No need to be kind here: telling people you use Hotmail has been the Internet equivalent of admitting to necrophilia. But after a decade as a punchline, Hotmail just pulled off the biggest victory in the inbox game since Gmail. And it might just get you to switch.
This is starting to look familiar to the point of predictability. Microsoft takes something boring, partially broken, and thoroughly entrenched: Windows, Office, Mobile. Toss nearly everything ugly and uninspired into the ash heap, put smart people to work on it, and pack it full of Metro. Windows 8, Office 15, and Windows Phone have all turned stale things into vibrant, modern successes. And Hotmail—now Outlook—can boast the same.
It actually looks good
But, come on, is Hotmail capable of a makeover? Hotmail? Even the people who work on Hotmail will admit without reluctance that the name itself is one of the service's biggest liabilities. Nobody wants to say Hotmail. Nobody wants it on their resume, on their card, or shared over drinks. It's been stigmatized regardless of how good or awful it actually is—when was the last time you even checked?
So, say goodbye to Hotmail. Now it's Outlook. And against all odds it's damn great—Microsoft has turned the deserved punchline of the whole web's mockery and spun it into top tier webmail.
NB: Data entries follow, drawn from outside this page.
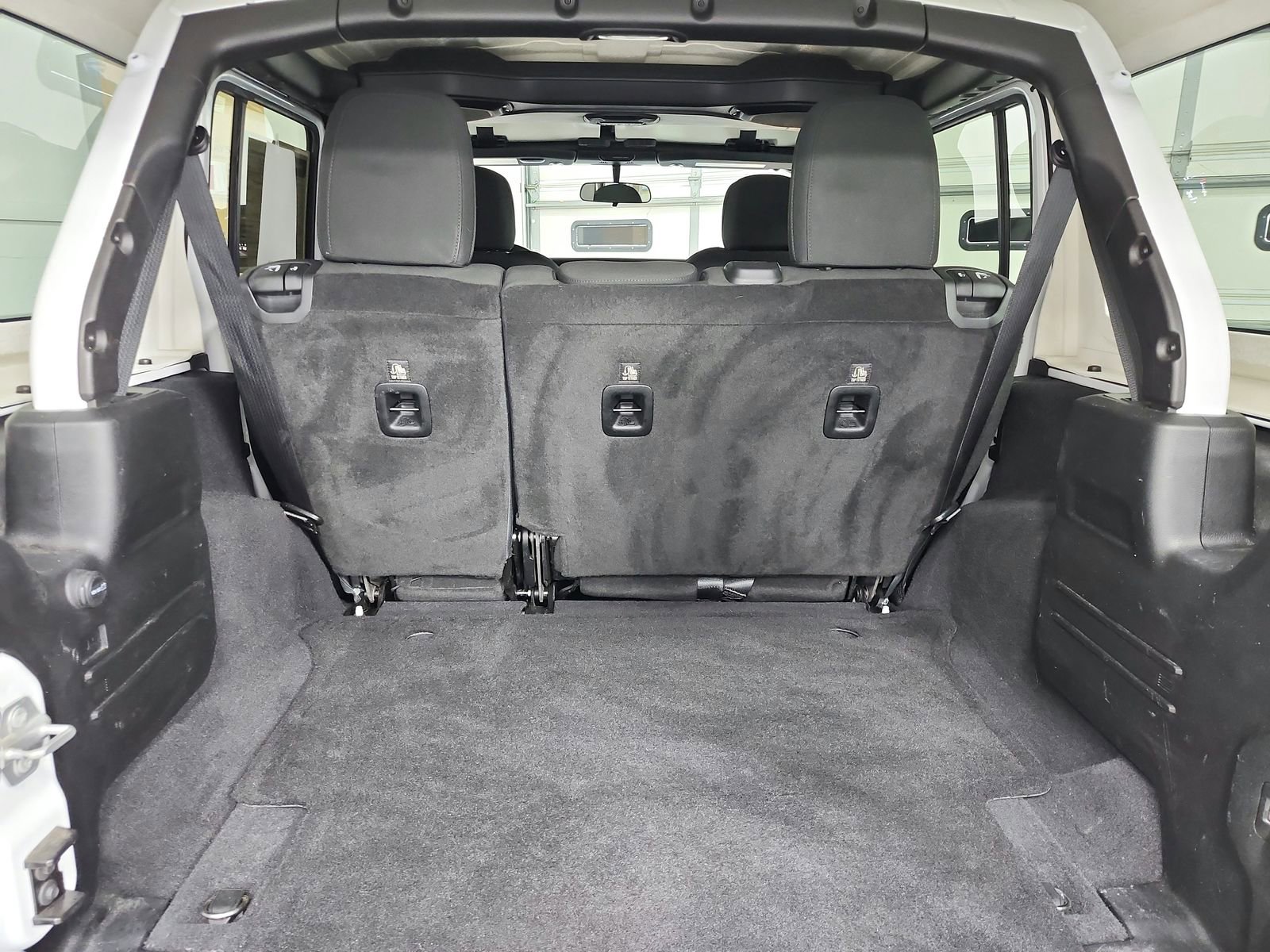 Used 2018 Jeep Wrangler Unlimited Sahara image 36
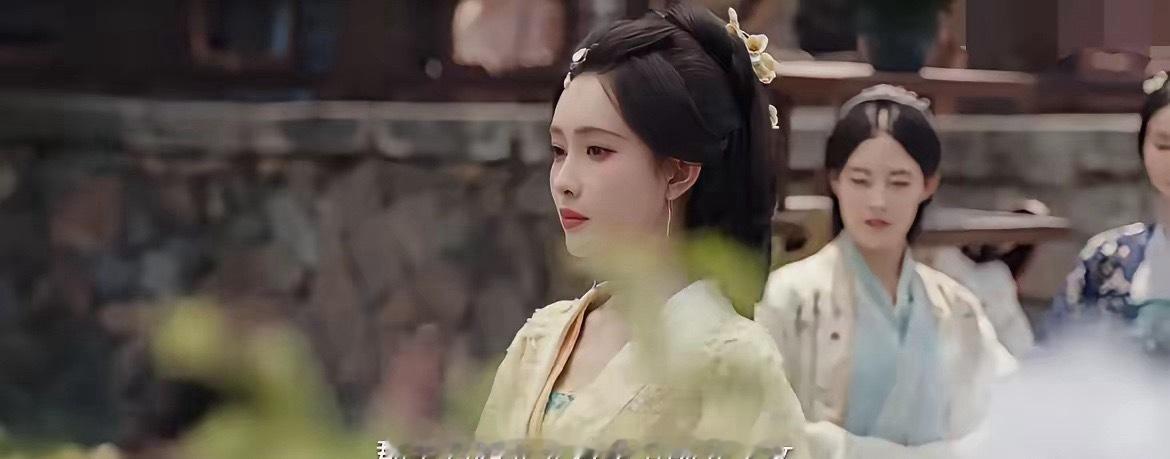 坦白来讲孟子义的新作早已让人审美疲劳，刚开播的《百花杀》，妆容发型和叙事套路都复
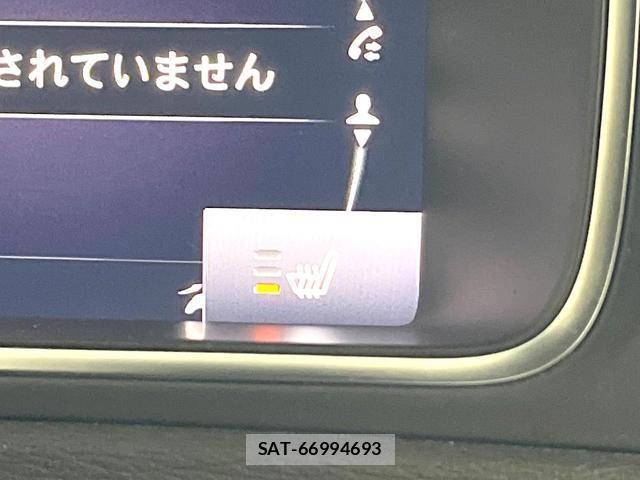 Volvo V40 2019-10 8814355-7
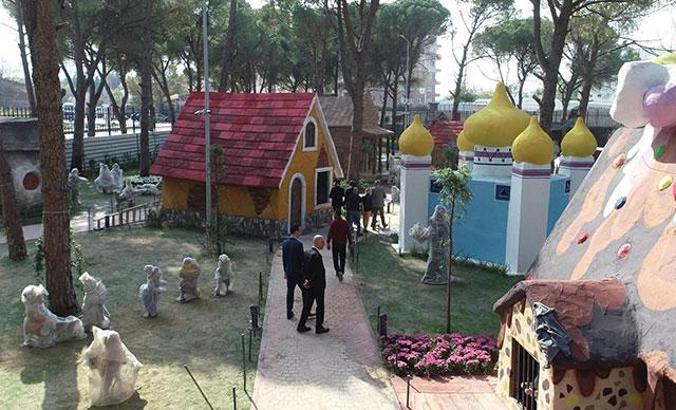 Şehzadeler Park'ın şehzade figürleri ile masal kahramanlarına yoğun ilgi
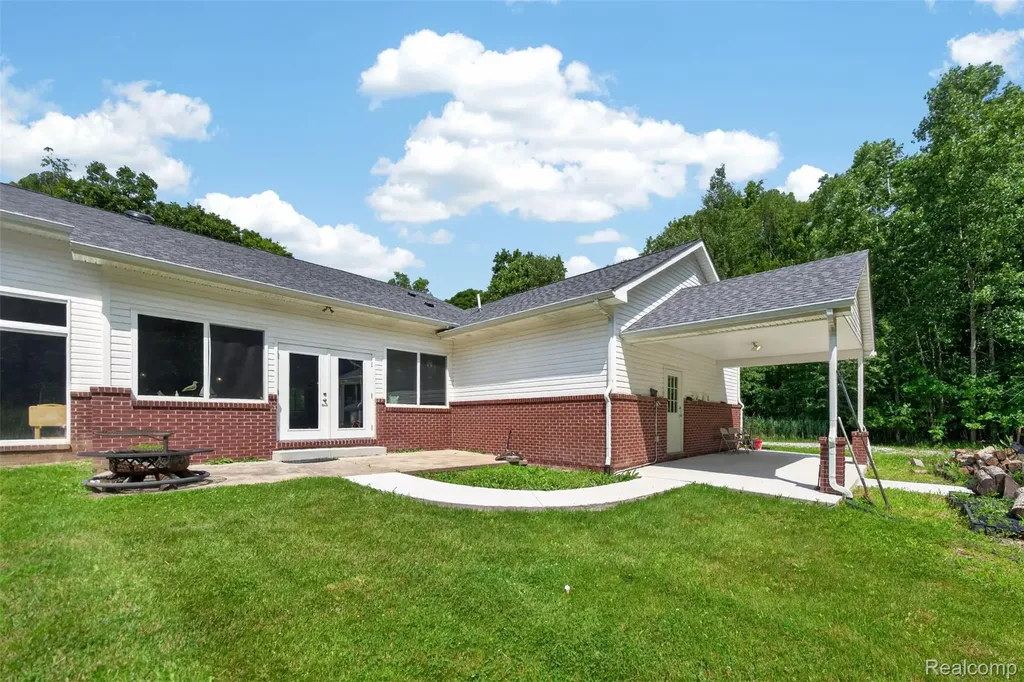 1621 Preservation Lane St. Clair City MI 48079
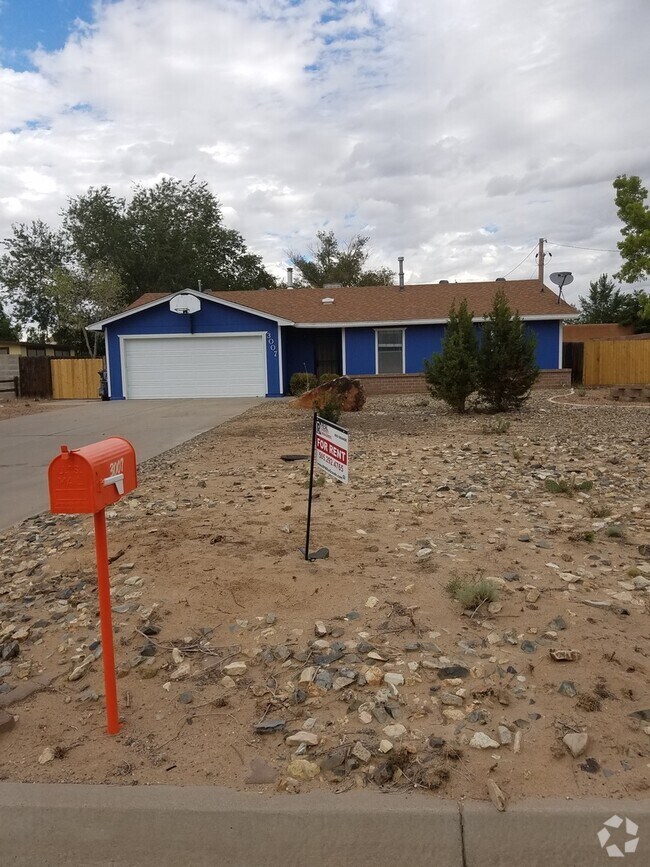Building Photo - Ranch Style 3br, 2b, Home in rio rancho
First—and this is no superficial dig—Hotmail-which-is-now-Outlook doesn't look like it crawled out of a late-90s sex dungeon, pulling its own cluttered, woefully-designed entrails in tow. The New Hotmail looks fantastic, and depending on how you managed to stomach Gmail's last facelift (or not), it might be the handsomest webmail in the land. Really. Simple, clear, clean—it looks like an expertly assembled IKEA drawer.